Required action: Reproduce, from the lines below, exactly the stretch that begins at the line containing "Appartement famille à" and ends at the line containing "Dispora Boltim Salurkan", both included.

Materials provided:
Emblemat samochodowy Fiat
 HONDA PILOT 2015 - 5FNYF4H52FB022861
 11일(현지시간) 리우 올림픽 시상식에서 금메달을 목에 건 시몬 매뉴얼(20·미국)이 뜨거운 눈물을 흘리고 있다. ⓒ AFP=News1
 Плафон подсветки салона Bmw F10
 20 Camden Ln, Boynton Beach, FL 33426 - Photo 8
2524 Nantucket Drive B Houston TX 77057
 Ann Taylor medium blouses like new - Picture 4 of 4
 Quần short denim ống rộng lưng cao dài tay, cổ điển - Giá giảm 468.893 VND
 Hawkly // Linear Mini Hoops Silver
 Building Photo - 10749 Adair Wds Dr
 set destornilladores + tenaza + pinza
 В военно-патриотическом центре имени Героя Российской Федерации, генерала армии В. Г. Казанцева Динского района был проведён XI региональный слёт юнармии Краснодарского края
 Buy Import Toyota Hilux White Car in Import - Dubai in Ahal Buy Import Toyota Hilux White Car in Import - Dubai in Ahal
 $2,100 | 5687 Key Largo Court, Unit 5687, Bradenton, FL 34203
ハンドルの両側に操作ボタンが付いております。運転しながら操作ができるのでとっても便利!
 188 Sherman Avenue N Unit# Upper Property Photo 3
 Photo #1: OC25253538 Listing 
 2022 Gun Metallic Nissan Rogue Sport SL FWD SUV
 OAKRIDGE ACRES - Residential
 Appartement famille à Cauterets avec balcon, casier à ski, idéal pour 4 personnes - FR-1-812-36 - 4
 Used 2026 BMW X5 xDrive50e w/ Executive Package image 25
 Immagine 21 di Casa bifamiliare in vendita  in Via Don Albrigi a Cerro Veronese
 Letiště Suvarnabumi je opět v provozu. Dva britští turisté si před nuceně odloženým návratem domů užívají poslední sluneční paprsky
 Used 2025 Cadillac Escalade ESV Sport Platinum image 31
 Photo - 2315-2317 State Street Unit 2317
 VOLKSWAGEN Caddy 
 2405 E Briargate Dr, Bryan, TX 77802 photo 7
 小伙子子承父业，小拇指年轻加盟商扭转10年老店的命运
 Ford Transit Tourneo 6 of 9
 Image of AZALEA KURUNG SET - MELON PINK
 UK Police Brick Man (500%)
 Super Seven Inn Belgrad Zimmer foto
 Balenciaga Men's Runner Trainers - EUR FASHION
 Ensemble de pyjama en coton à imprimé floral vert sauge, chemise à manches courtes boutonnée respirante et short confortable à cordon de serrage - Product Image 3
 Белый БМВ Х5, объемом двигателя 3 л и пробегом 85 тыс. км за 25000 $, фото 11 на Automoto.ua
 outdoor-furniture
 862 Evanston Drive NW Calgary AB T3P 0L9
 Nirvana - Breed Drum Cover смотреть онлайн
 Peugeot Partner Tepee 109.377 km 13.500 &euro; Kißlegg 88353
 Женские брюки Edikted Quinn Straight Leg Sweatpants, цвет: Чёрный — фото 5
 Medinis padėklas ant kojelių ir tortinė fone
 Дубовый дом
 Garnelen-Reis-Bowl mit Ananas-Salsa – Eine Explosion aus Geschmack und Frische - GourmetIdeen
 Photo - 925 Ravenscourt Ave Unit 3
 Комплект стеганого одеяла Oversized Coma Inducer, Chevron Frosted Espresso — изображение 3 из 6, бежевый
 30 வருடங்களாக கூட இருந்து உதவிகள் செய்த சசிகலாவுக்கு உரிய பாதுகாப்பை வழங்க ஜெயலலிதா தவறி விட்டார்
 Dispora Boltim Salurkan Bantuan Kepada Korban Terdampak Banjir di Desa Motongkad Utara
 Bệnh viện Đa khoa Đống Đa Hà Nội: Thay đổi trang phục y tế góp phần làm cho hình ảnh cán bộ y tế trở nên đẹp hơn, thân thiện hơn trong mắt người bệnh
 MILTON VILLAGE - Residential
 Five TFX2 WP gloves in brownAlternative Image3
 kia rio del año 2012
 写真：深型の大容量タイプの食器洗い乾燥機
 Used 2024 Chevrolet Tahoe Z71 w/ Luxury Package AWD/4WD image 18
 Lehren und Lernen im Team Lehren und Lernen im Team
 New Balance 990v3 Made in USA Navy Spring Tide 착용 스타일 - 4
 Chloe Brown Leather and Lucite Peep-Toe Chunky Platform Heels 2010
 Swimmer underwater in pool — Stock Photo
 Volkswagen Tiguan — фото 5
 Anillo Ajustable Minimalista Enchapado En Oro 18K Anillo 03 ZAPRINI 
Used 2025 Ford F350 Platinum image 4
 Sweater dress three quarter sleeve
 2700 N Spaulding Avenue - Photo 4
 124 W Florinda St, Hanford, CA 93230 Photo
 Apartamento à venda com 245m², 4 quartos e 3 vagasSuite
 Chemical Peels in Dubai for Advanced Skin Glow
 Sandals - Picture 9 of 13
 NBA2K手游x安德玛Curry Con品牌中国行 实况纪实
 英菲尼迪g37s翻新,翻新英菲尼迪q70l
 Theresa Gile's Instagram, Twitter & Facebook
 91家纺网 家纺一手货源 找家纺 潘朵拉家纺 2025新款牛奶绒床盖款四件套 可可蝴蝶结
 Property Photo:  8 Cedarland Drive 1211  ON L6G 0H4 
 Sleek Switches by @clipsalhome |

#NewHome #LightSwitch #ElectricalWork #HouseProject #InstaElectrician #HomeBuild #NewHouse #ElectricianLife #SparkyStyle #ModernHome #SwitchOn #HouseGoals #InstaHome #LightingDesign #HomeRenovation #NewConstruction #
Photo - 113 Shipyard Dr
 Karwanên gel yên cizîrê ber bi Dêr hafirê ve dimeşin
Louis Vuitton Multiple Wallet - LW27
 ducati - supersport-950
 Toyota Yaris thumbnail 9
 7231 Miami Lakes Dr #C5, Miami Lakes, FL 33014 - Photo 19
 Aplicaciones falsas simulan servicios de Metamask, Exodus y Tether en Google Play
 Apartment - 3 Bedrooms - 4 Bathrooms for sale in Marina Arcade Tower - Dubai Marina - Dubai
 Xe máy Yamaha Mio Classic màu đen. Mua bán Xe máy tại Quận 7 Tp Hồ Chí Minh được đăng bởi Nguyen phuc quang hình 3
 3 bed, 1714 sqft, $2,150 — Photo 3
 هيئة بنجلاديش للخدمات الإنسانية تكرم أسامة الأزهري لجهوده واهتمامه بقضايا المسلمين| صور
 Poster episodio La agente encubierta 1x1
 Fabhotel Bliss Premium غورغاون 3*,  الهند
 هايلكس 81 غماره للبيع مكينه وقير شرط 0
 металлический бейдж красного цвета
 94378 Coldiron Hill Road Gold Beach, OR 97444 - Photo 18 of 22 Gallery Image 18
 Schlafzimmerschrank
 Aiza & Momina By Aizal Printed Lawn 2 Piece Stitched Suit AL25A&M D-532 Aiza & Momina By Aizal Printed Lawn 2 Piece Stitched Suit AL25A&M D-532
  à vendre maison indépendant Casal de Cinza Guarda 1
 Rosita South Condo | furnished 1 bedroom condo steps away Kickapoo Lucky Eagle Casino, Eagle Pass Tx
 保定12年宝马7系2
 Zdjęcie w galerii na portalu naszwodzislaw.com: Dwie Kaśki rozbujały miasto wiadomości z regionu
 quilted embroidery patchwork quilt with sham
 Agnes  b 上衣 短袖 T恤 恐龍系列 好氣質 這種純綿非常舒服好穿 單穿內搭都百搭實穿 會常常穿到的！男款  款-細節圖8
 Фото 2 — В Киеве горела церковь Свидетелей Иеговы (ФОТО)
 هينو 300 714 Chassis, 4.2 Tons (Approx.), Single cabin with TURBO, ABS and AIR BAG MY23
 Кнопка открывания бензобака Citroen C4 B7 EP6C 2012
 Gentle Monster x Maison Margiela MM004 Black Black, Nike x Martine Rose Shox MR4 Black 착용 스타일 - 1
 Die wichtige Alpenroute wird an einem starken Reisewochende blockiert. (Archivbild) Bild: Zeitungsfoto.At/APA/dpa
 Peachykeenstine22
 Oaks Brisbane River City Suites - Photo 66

Result for this task:
 Appartement famille à Cauterets avec balcon, casier à ski, idéal pour 4 personnes - FR-1-812-36 - 4
 Used 2026 BMW X5 xDrive50e w/ Executive Package image 25
 Immagine 21 di Casa bifamiliare in vendita  in Via Don Albrigi a Cerro Veronese
 Letiště Suvarnabumi je opět v provozu. Dva britští turisté si před nuceně odloženým návratem domů užívají poslední sluneční paprsky
 Used 2025 Cadillac Escalade ESV Sport Platinum image 31
 Photo - 2315-2317 State Street Unit 2317
 VOLKSWAGEN Caddy 
 2405 E Briargate Dr, Bryan, TX 77802 photo 7
 小伙子子承父业，小拇指年轻加盟商扭转10年老店的命运
 Ford Transit Tourneo 6 of 9
 Image of AZALEA KURUNG SET - MELON PINK
 UK Police Brick Man (500%)
 Super Seven Inn Belgrad Zimmer foto
 Balenciaga Men's Runner Trainers - EUR FASHION
 Ensemble de pyjama en coton à imprimé floral vert sauge, chemise à manches courtes boutonnée respirante et short confortable à cordon de serrage - Product Image 3
 Белый БМВ Х5, объемом двигателя 3 л и пробегом 85 тыс. км за 25000 $, фото 11 на Automoto.ua
 outdoor-furniture
 862 Evanston Drive NW Calgary AB T3P 0L9
 Nirvana - Breed Drum Cover смотреть онлайн
 Peugeot Partner Tepee 109.377 km 13.500 &euro; Kißlegg 88353
 Женские брюки Edikted Quinn Straight Leg Sweatpants, цвет: Чёрный — фото 5
 Medinis padėklas ant kojelių ir tortinė fone
 Дубовый дом
 Garnelen-Reis-Bowl mit Ananas-Salsa – Eine Explosion aus Geschmack und Frische - GourmetIdeen
 Photo - 925 Ravenscourt Ave Unit 3
 Комплект стеганого одеяла Oversized Coma Inducer, Chevron Frosted Espresso — изображение 3 из 6, бежевый
 30 வருடங்களாக கூட இருந்து உதவிகள் செய்த சசிகலாவுக்கு உரிய பாதுகாப்பை வழங்க ஜெயலலிதா தவறி விட்டார்
 Dispora Boltim Salurkan Bantuan Kepada Korban Terdampak Banjir di Desa Motongkad Utara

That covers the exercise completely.